|
|
|
|
|
by Joeri
3670 days ago
|
|
For a 2 TB dataset you could also pay supermicro 50k to get a 40 core 3 TB RAM monster that can keep that whole dataset in RAM. At 50 GB / sec throughput that would keep your query roundtrip time at somewhere around the minute mark. Not quite 3 seconds, but then not quite a thousand nodes either. Of course, rebooting that machine would be awkward. Still, I think the general rule applies that if you can buy a server that will fit your dataset into RAM, probably you don't need something like Hadoop. |
|
So from a technical point of view, 50GB / sec on a single machine vs 600GB / sec on a 1000 node cluster. From a cost perspective, running 1 machine is going to be a lot less than running 1,000 machines.

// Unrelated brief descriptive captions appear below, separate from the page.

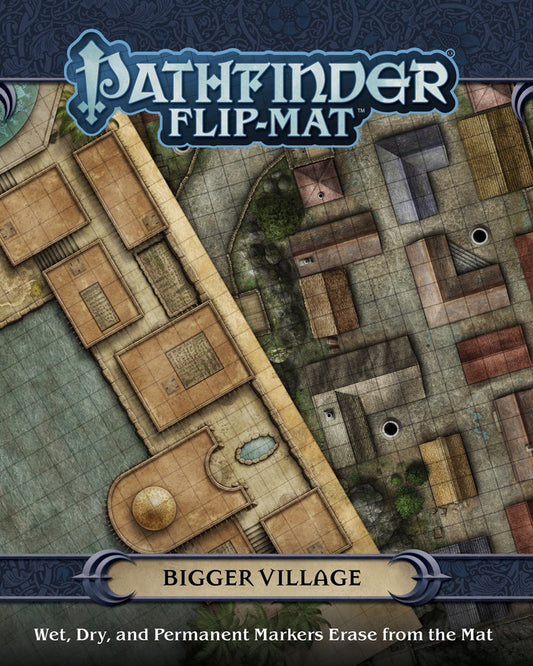 Pathfinder: RPG - Flip Mat: Bigger Village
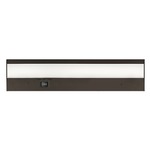 Duo AC-DC Color-Select Undercabinet Light - Bronze / White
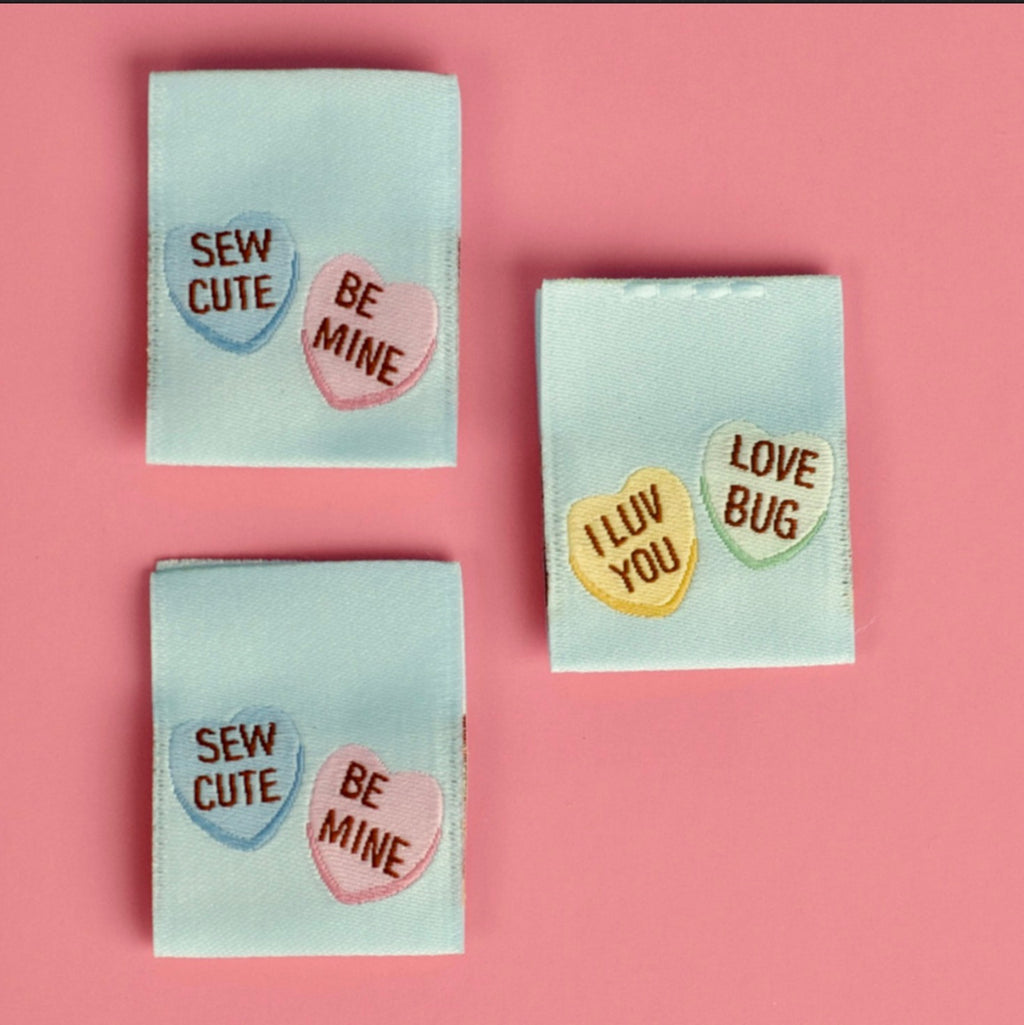 Sew Cute- Valentines Sewing Labels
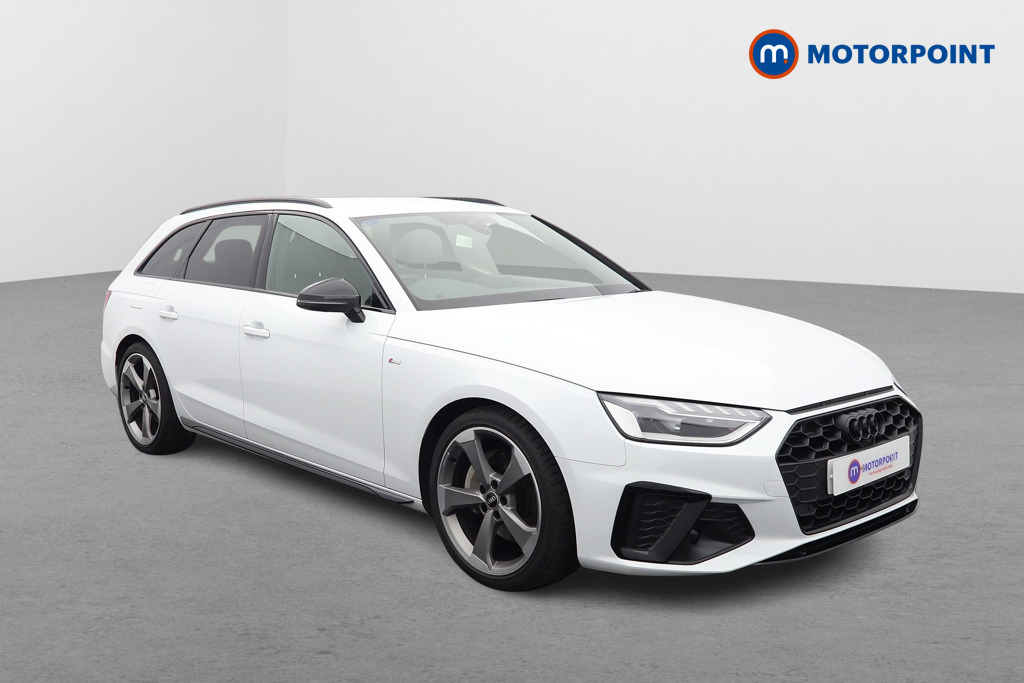 Audi A4 Black Edition Automatic Petrol Estate - Stock Number (1591872) - Drivers side front corner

Consider some other aspects as well. If a machine breaks, and you have only one, you are offline, if one breaks and you have 999 left, you're still 99.9% up and running. If you work in 2TB data sets, how many do you have? One? Two? Twenty? The more you have the more storage you end up putting on a machine, and even with a SAN the ability to move terabytes around is a pain. Then there is the enterprise value of the analysis. How much does the analysis add value to the product you sell? In the paper's example of Page Rank one could argue it really made Google's engine better so a lot of value. In an oil and gas context it might be the difference between finding oil or not, so again high value. But in a twitter 'bot' analysis, killing off all the identified bot accounts might have very little relative value to the overall business.
The bottom line is that none of these sorts of choices can be made in isolation. Looking at the choices through a single lens, whether it is performance, cost, or capability, is rarely sufficient to make the best choice. What is more the best choice may seem like a "bad" choice from an engineering perspective but great from a finance perspective. Similarly a good choice from a finance perspective could be a horrible choice from an engineering perspective.
What is important is to keep in mind the strengths of the various choices available to you, and their weaknesses. Then to select from them based on the current and future requirements for the resulting system.